* [DATA FOR THIS EXERCISE]:
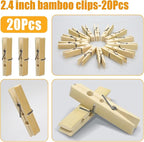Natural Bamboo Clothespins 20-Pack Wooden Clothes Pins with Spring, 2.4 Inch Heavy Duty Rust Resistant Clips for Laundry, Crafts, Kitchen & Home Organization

---

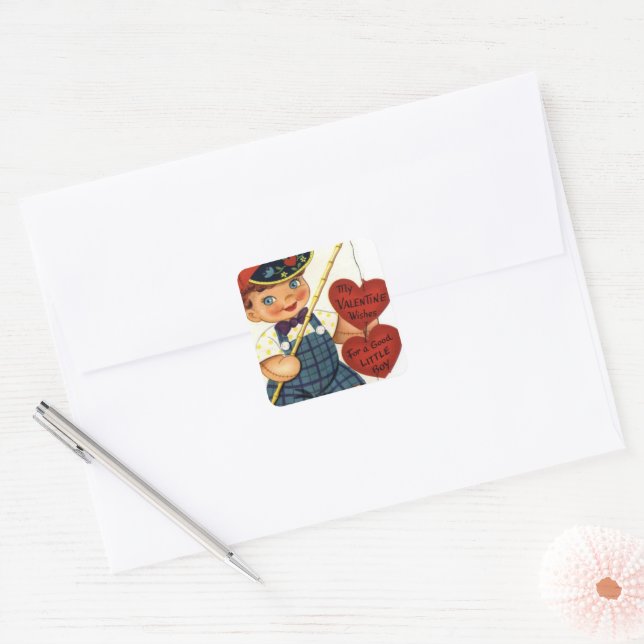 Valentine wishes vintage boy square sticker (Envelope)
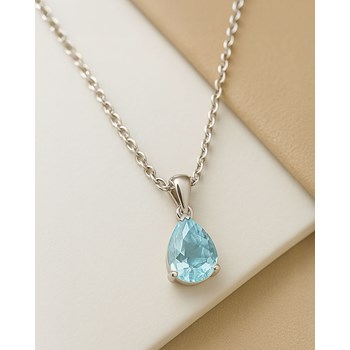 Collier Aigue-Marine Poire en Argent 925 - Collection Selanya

* [PROBLEM REQUIREMENTS]: Taking the material above, give again exactly the lines from the one holding "Valentine wishes vintage" through the one holding "Collier Aigue-Marine Poire", with both ends and without pictures.

* [TASK ANSWER]:
 Valentine wishes vintage boy square sticker (Envelope)
 Collier Aigue-Marine Poire en Argent 925 - Collection Selanya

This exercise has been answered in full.